• Work instructions: Only the lines of the listing below that run from the line with "AMD Radeon RX" through the line with "Fellini Mens Blue" are to be set down, word for word. Pictures stay out.

• Data for this exercise:
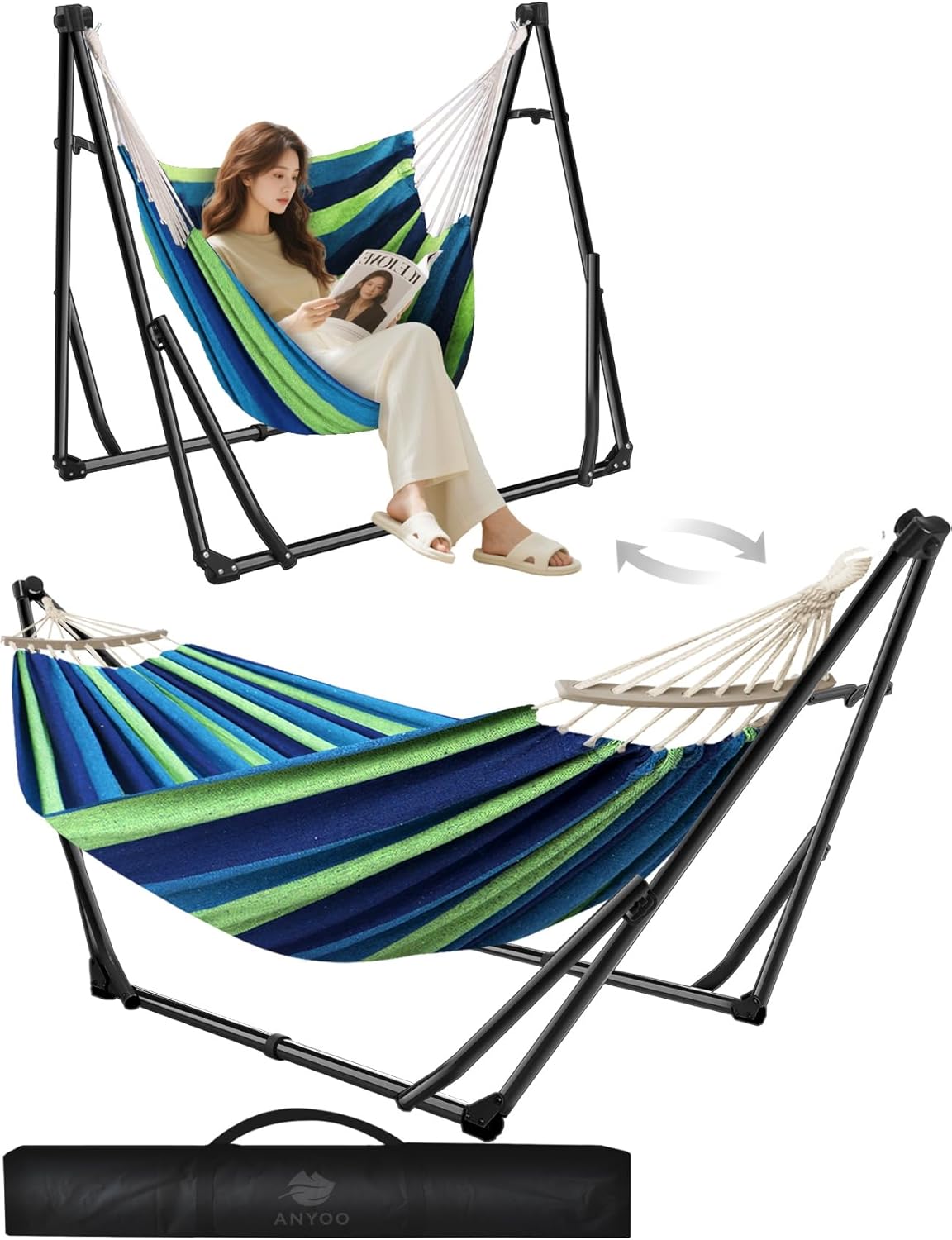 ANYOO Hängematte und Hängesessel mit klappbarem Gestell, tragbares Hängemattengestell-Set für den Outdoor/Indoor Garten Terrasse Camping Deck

---

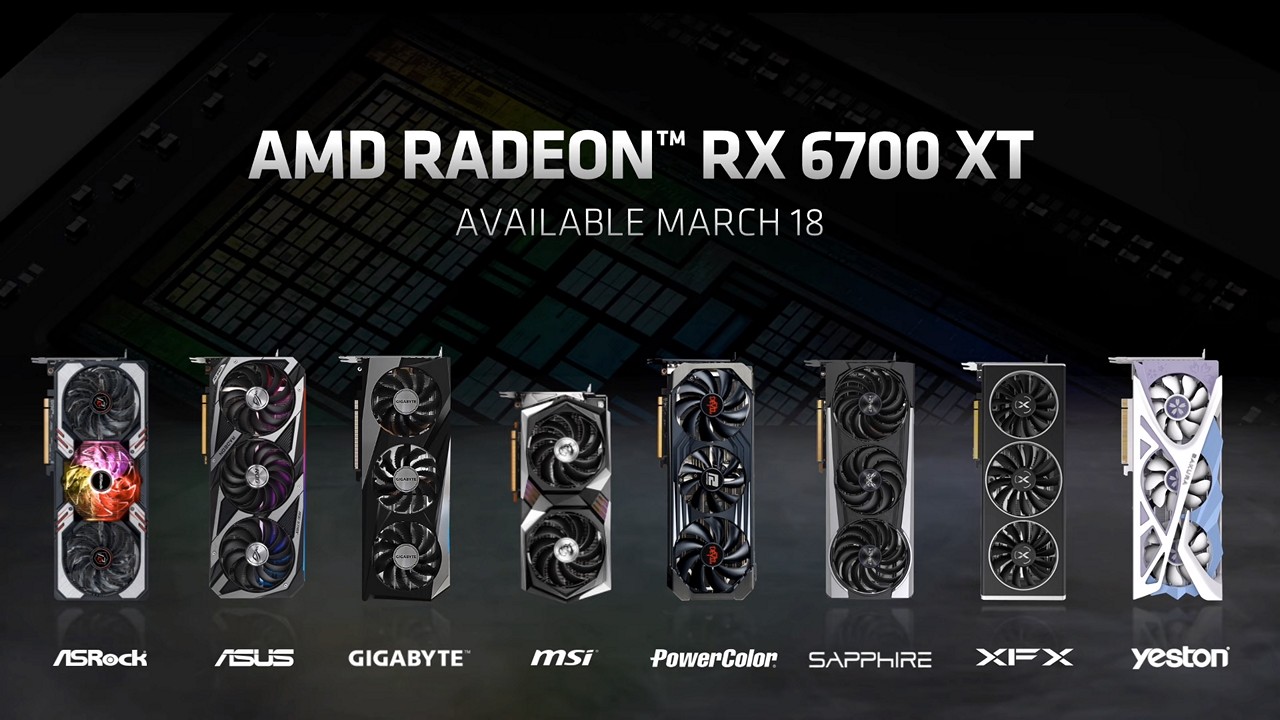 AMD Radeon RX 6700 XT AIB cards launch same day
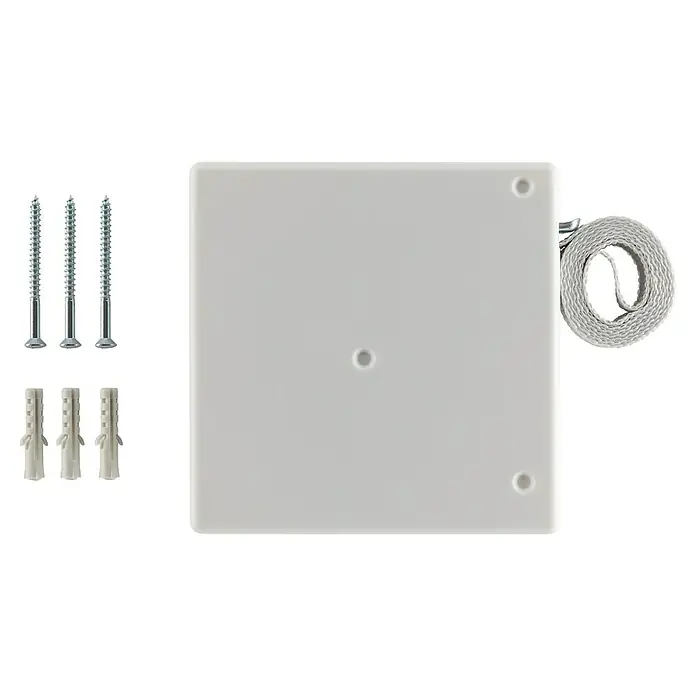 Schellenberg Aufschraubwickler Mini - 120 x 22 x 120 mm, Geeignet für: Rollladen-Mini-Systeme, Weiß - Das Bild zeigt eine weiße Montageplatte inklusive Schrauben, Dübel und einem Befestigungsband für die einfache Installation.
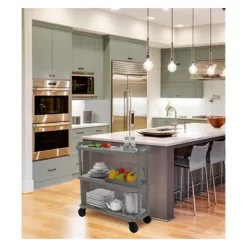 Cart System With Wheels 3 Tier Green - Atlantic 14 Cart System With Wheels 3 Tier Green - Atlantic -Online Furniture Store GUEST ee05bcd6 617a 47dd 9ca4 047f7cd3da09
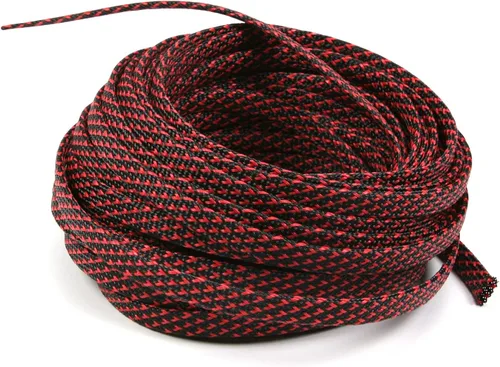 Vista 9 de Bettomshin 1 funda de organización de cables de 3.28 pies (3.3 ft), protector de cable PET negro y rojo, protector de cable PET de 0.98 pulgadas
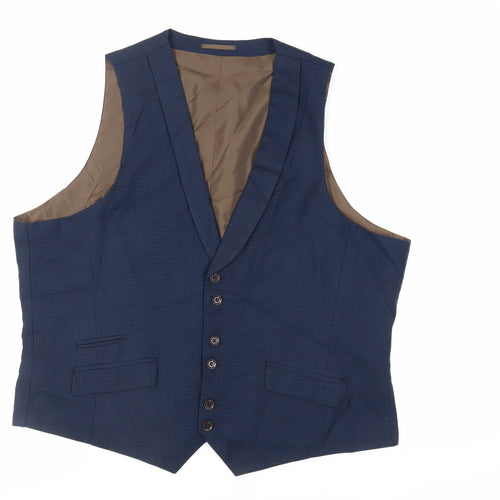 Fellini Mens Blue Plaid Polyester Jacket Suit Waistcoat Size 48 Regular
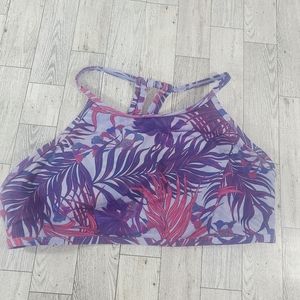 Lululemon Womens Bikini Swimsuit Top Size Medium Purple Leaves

--

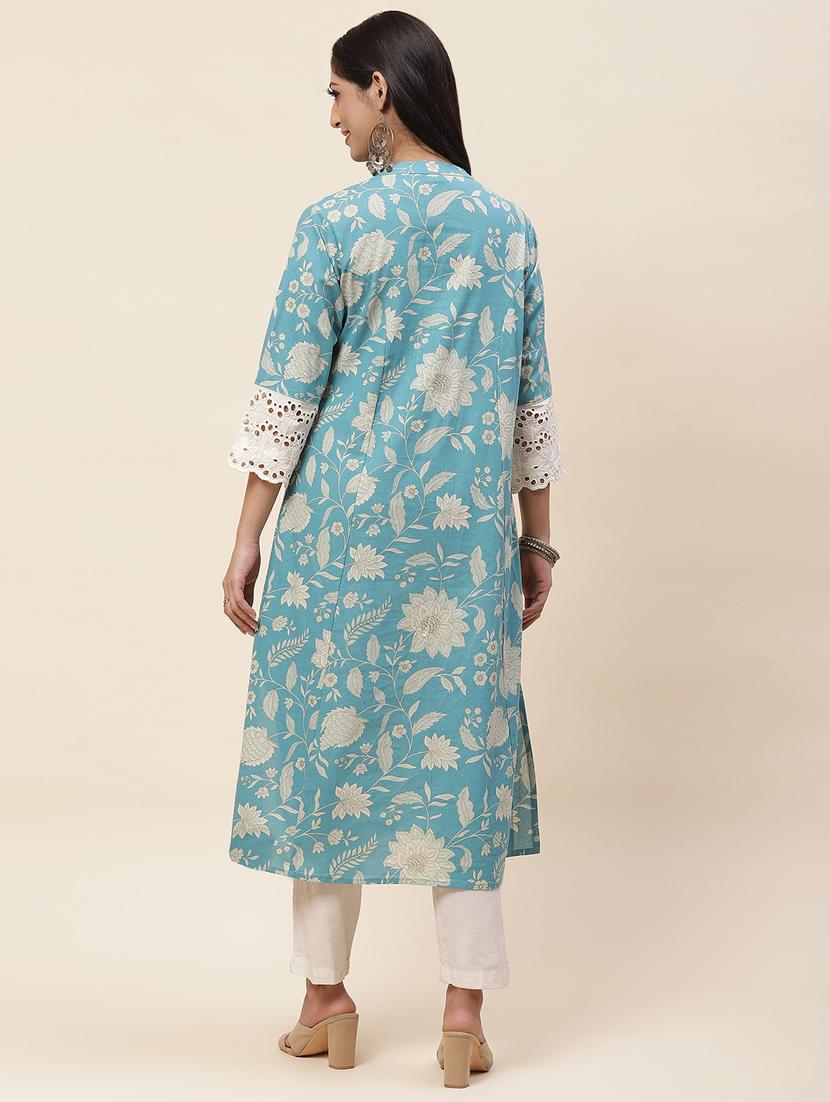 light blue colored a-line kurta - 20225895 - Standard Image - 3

• Completed task:
 AMD Radeon RX 6700 XT AIB cards launch same day
 Schellenberg Aufschraubwickler Mini - 120 x 22 x 120 mm, Geeignet für: Rollladen-Mini-Systeme, Weiß - Das Bild zeigt eine weiße Montageplatte inklusive Schrauben, Dübel und einem Befestigungsband für die einfache Installation.
 Cart System With Wheels 3 Tier Green - Atlantic 14 Cart System With Wheels 3 Tier Green - Atlantic -Online Furniture Store GUEST ee05bcd6 617a 47dd 9ca4 047f7cd3da09
 Vista 9 de Bettomshin 1 funda de organización de cables de 3.28 pies (3.3 ft), protector de cable PET negro y rojo, protector de cable PET de 0.98 pulgadas
 Fellini Mens Blue Plaid Polyester Jacket Suit Waistcoat Size 48 Regular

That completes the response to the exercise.